We're still getting the hang of this whole “new releases come out on Fridays now” thing - because, you know, we've only lived our entire life knowing that the sky is blue, water is wet, and Tuesdays are when the new releases come out - but we wanted to make sure that you were aware of a couple of new additions to our 180-gram vinyl reissue campaign.

Ultravox, Vienna: It wasn't the band's greatest commercial success in the United States (that honor goes to Quartet, oddly enough), but there's little question that Vienna is the album that most Ultravox fans would cite as being the best pick for their “if you could only own one” album. In addition to the classic title track and “All Stood Still,” both of which were top-10 singles in the UK, Vienna also includes the lesser hits “Sleepwalk” and “Passing Strangers,” which are solid numbers in their own right. Yes, it's an '80s album and it sounds it, but as Midge Ure said in his interview a few months back, “There's something quite magical about what we did.”

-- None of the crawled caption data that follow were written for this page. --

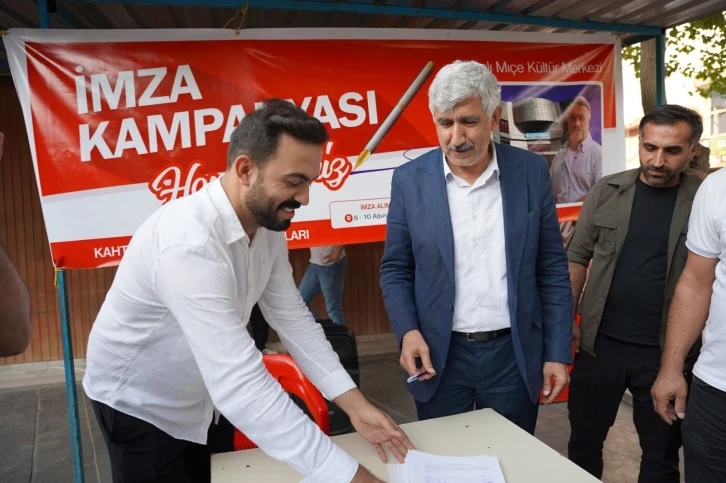 Başkan Hallaç, Kahtalı Mıçe İçin Başlatılan İmza Kampanyasına Destek Verdi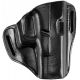 Bianchi Model 57 Remedy Belt Slide Holster, Glock 19/Glock 23/Glock 32/Glock 19C/Glock 23C/Glock 32C, Right Hand, Plain, Black, 25022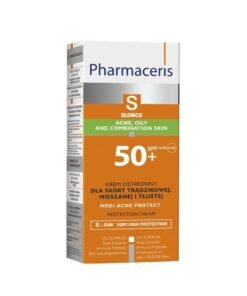 PHARMACERIS Sun SPF50+ sejas aizsargkrēms ādai ar akni jaukta tipa vai taukainai ādai 50 ml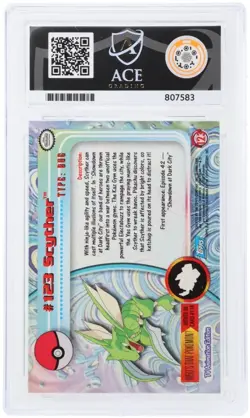 Scyther #123 2000 Topps Chrome Mint Pokemon TV ACE 10 - Image 4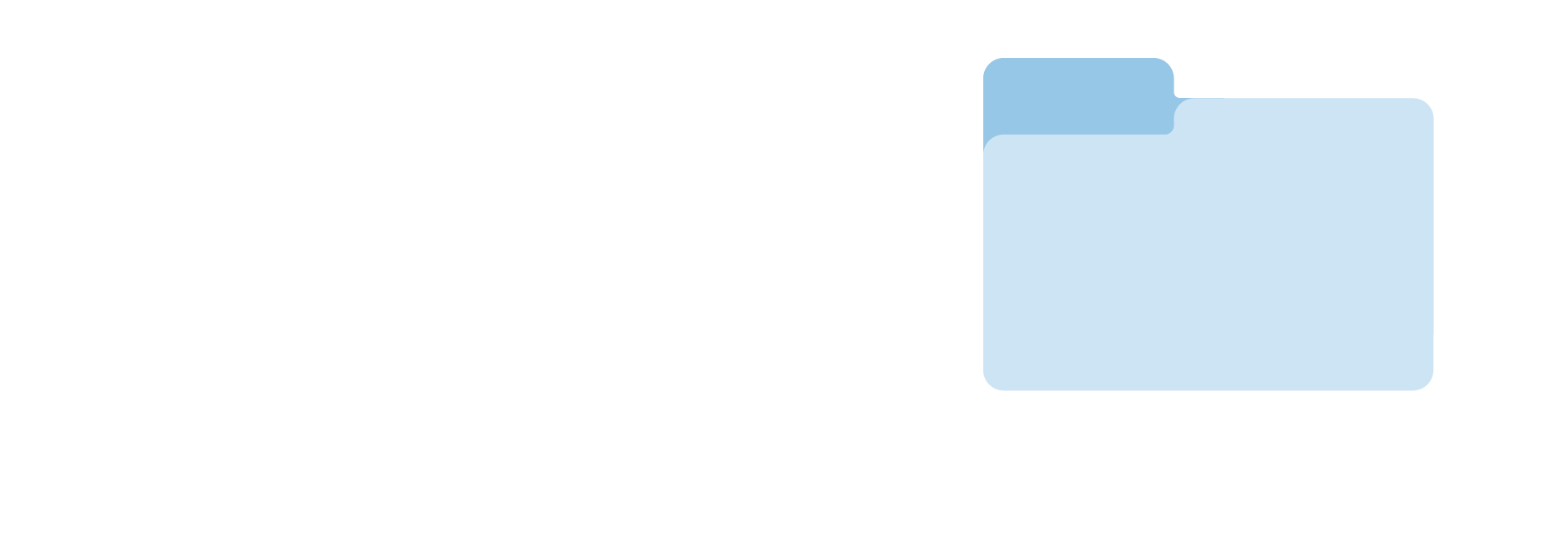 Light blue folder icon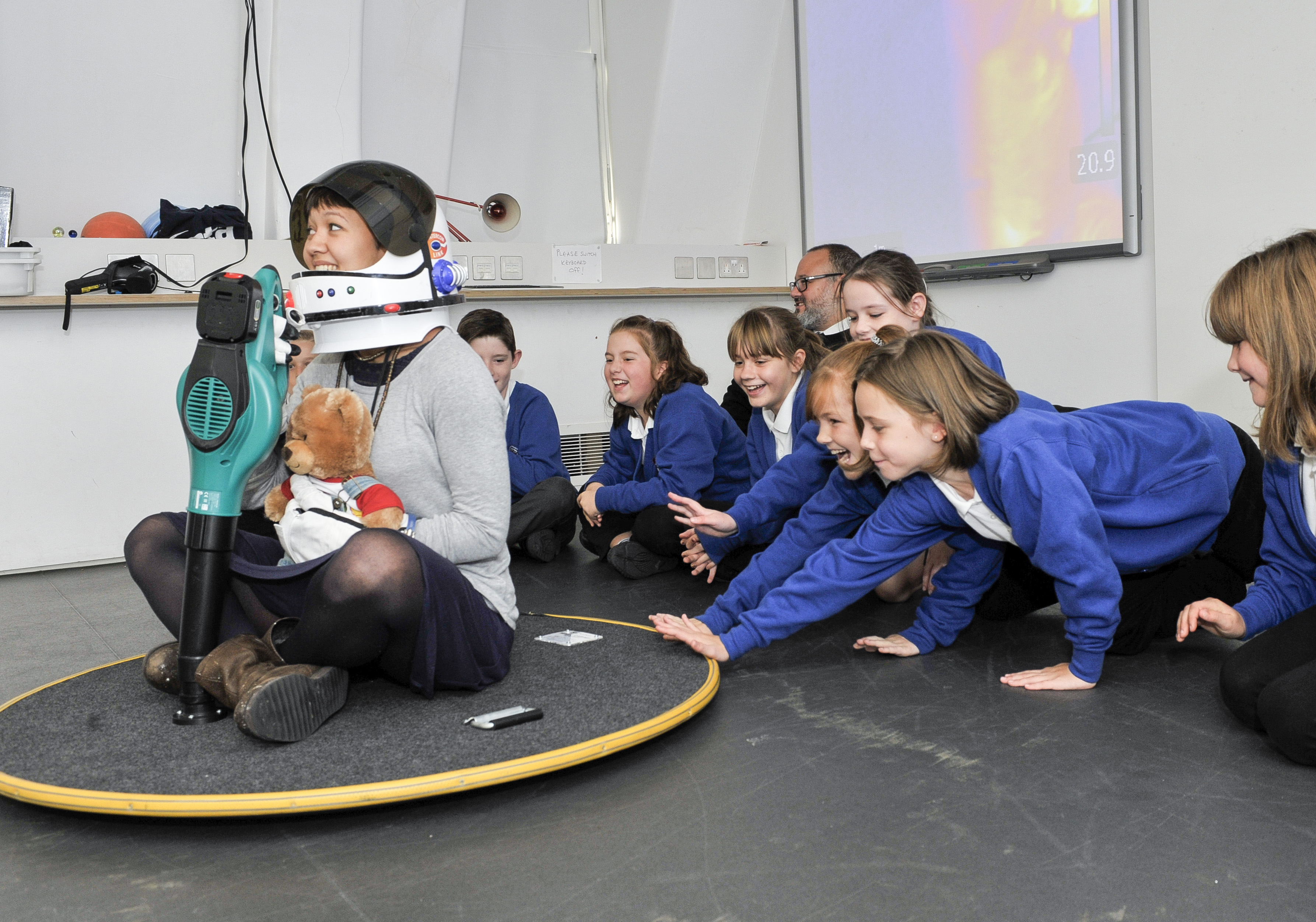 Children in a workshop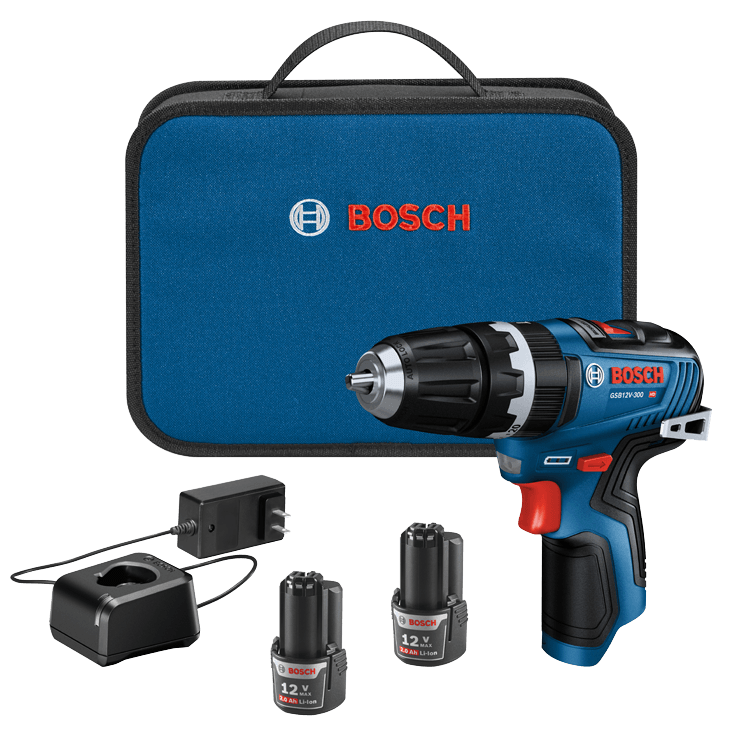 BOSCH 12V MAX Brushless 3/8" Hammer Drill/Driver Kit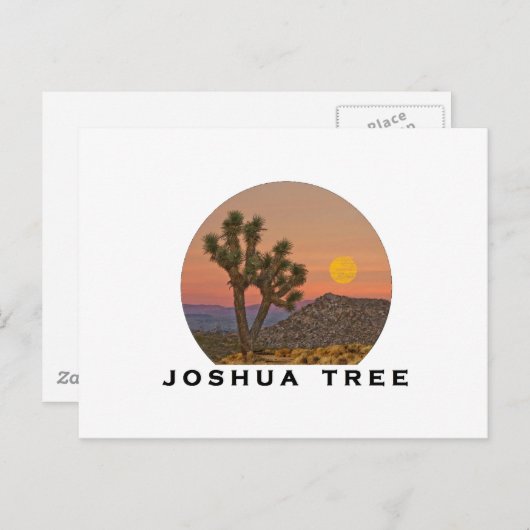 WONDEROUS JOSHUA TREE POSTKARTE (Vorne/Hinten)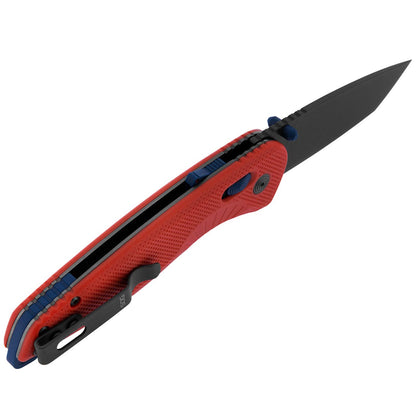 SOG Aegis AT Tanto 3.13" Folding Pocket Knife (Rescue Red & Indigo)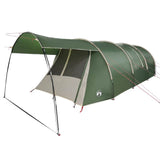 Tunnel Tent 4-Person Green and White 740 x 370 x 220 cm 42004035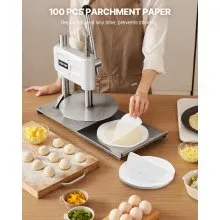 Prensa manual para masa de pizza de 9,5 pulgadas, laminadora de hojaldre de acero inoxidable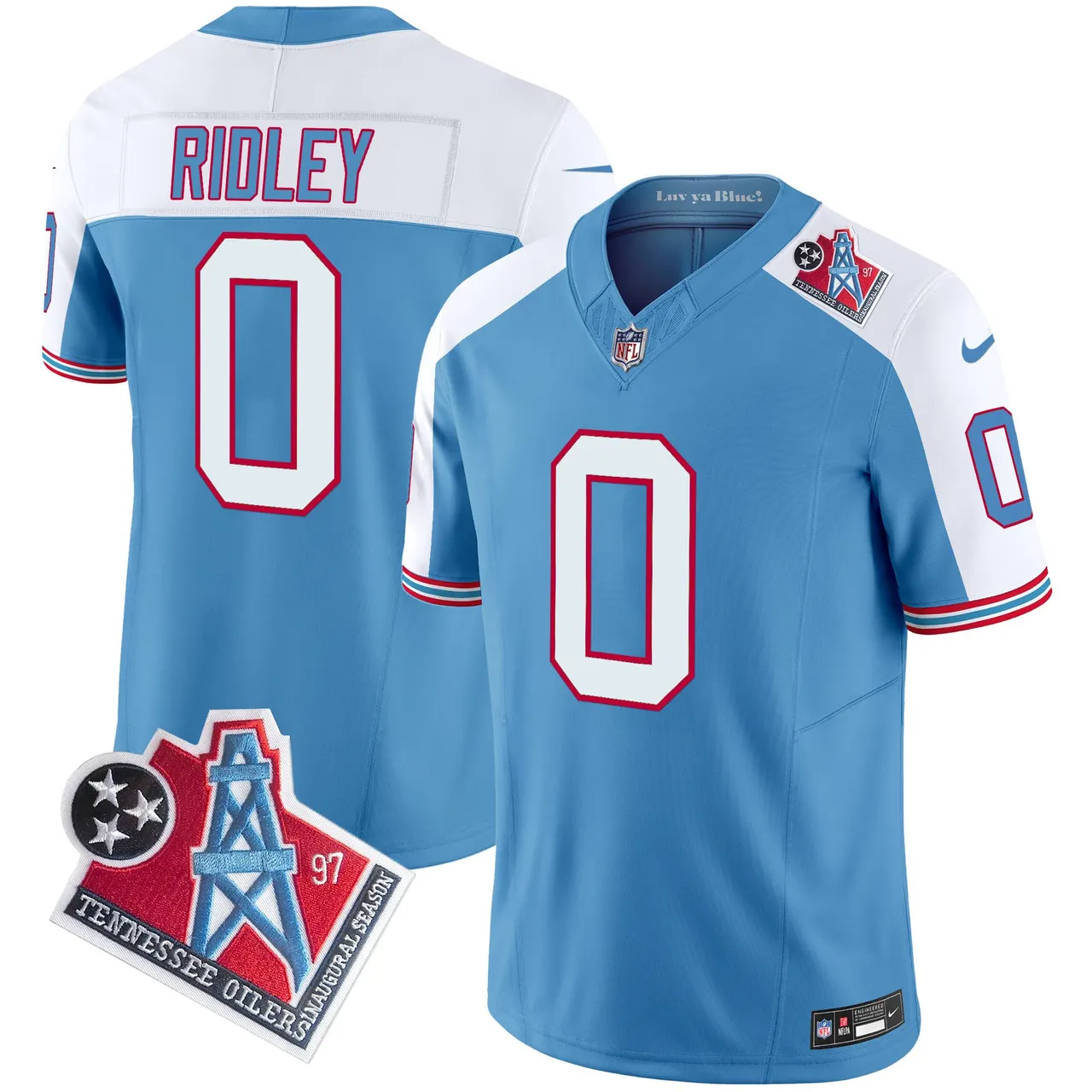 Tennessee Titans Nike 1997 Throwback Vapor Limited Stitched Jersey Ward - White - Image 32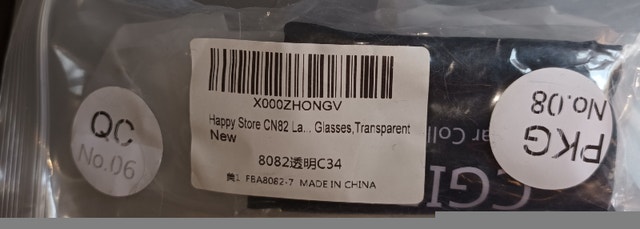 NEW Transparent Glasses Happy Store CN82 Large Bold Frame UV 400 - photo 5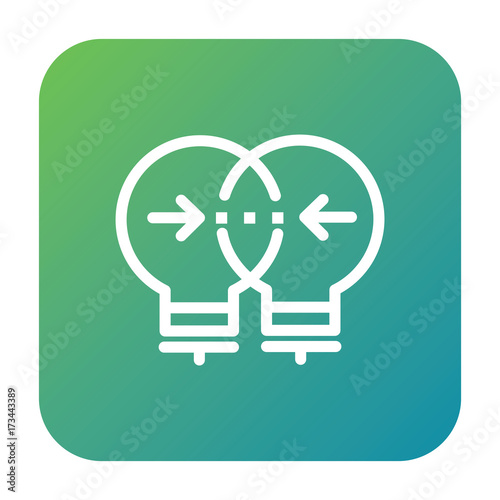 Opinion debate icon, idea symbol. Modern, simple flat vector illustration for web site or mobile app
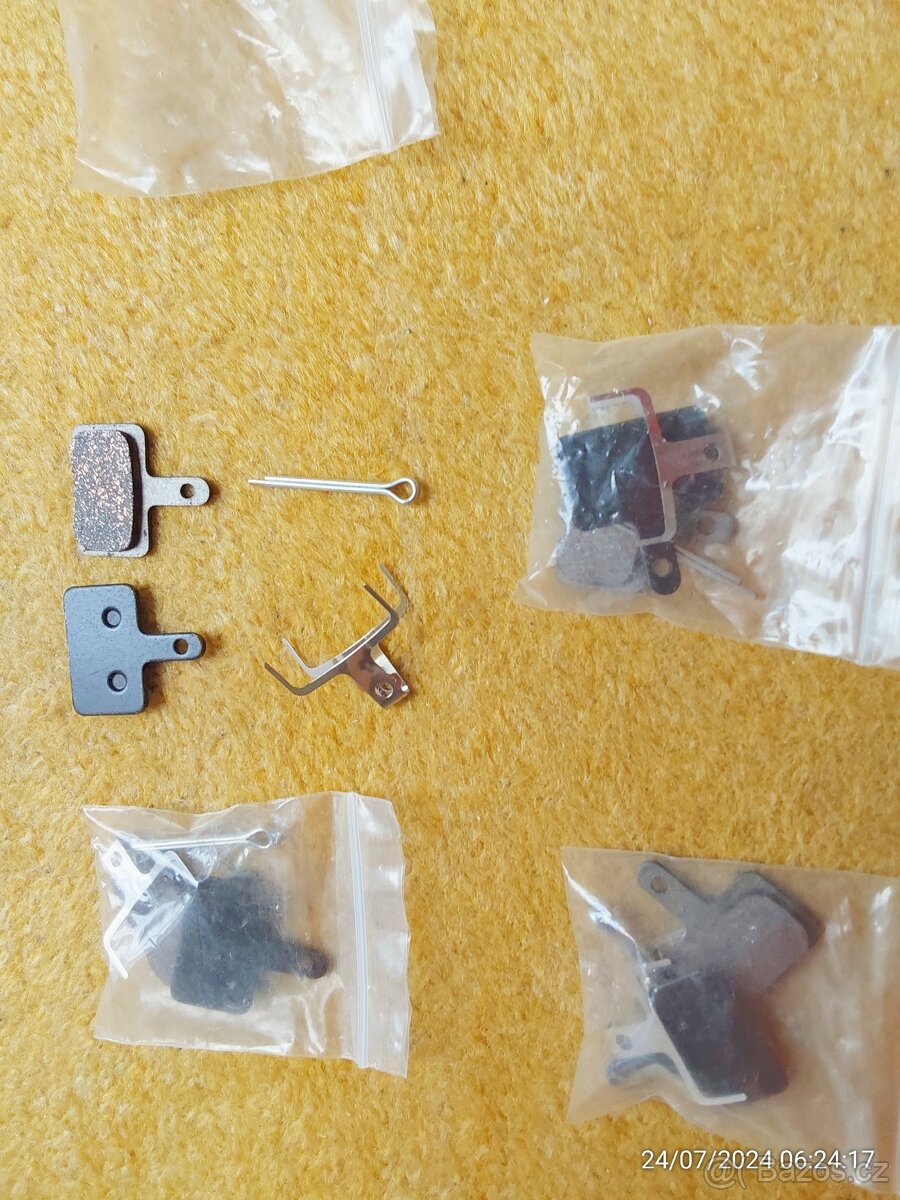 Brzdové destičky semimetalické.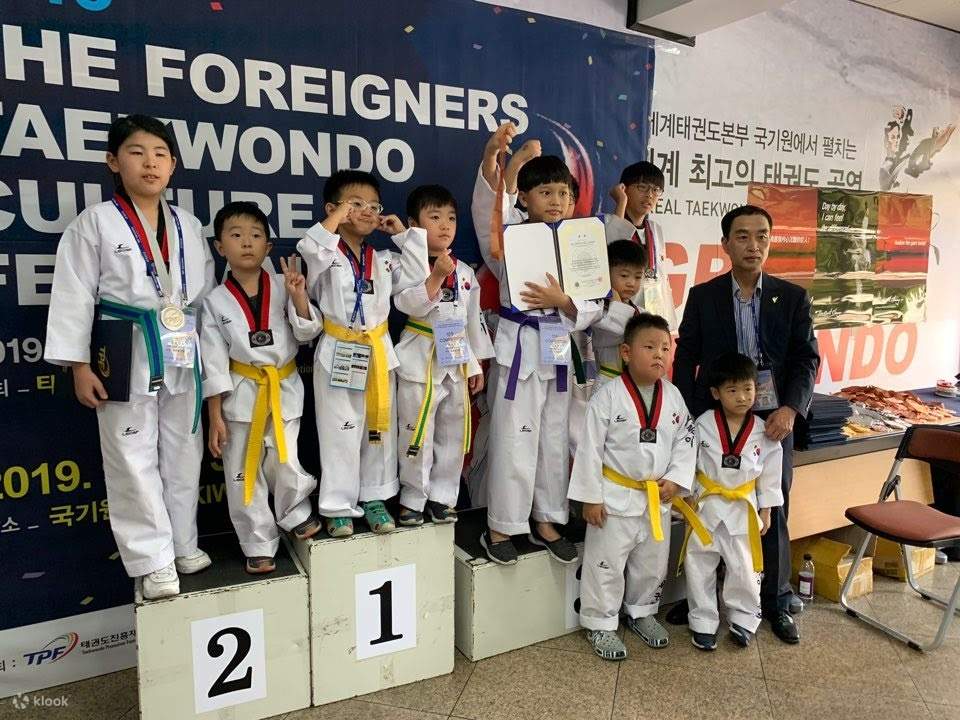 COURS DE TAEKWONDO D'UNE JOURNÉE À SÉOUL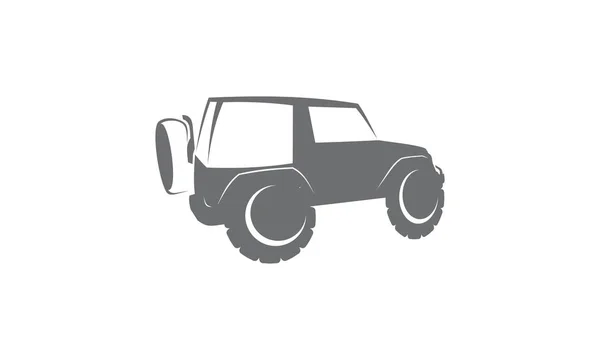Abenteuer-Auto im Gelände — Stockvektor
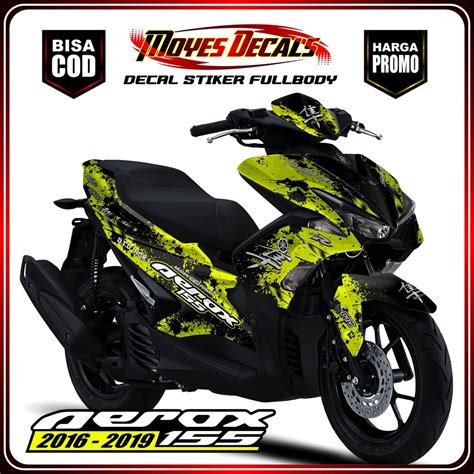 Jual Decal Stiker Striping AEROX 155 Motif Petronas Full Body Variasi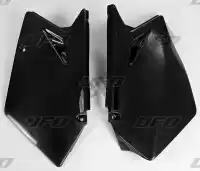 SU04906001, UFO, Panel set side panels suzuki black    , New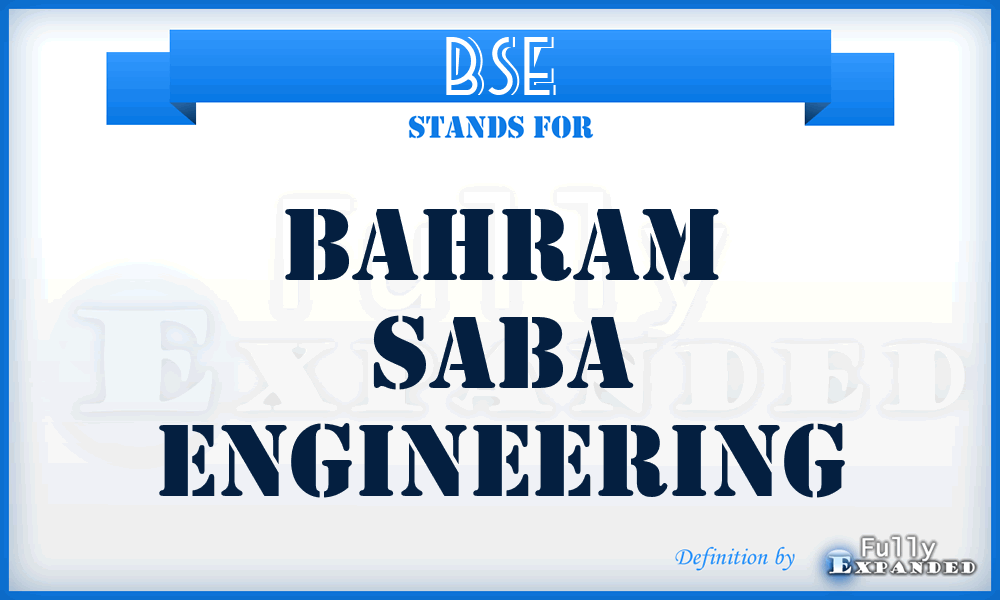 BSE - Bahram Saba Engineering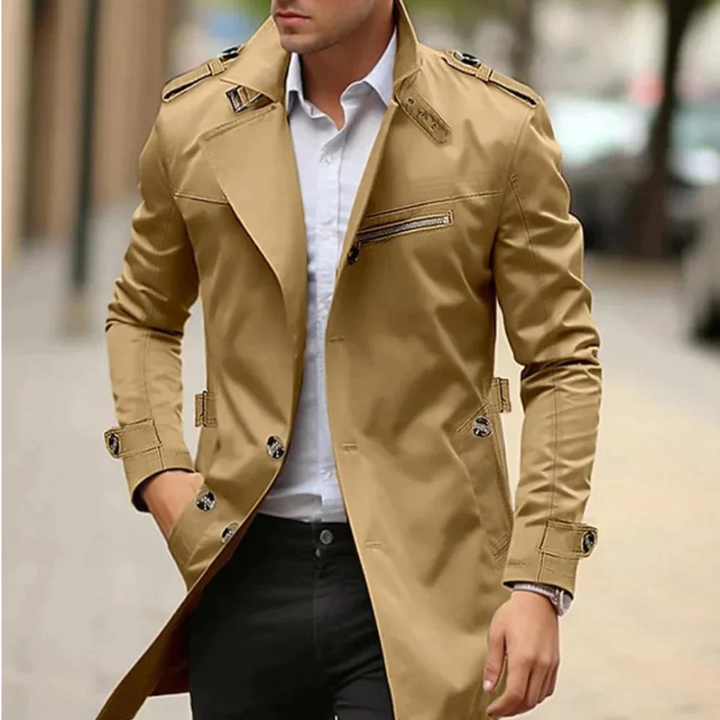 Veste homme élégante intemporelle pour printemps/automne. Style artisan polyvalent, parfait pour un vêtement masculin.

The Waterboys, Room to Roam: It might not have been the commercial smash in the UK that its predecessor, Fisherman's Blues, turned out to be, but Mike Scott and company nonetheless delivered another strong outing with this 1990 album, which featured “A Life of Sundays,” which hit #15 on the US Alternative Singles chart, and the Irish top-30 single “How Long Will I Love You?” It also proved to be the last gasp of the lineup of the band that featured Anthony Thistlethwaite and Steve Wickham, both of whom subsequently departed the Waterboys' ranks and - it must be said - were very much missed by fans, but that doesn't make this album any less enjoyable a listen.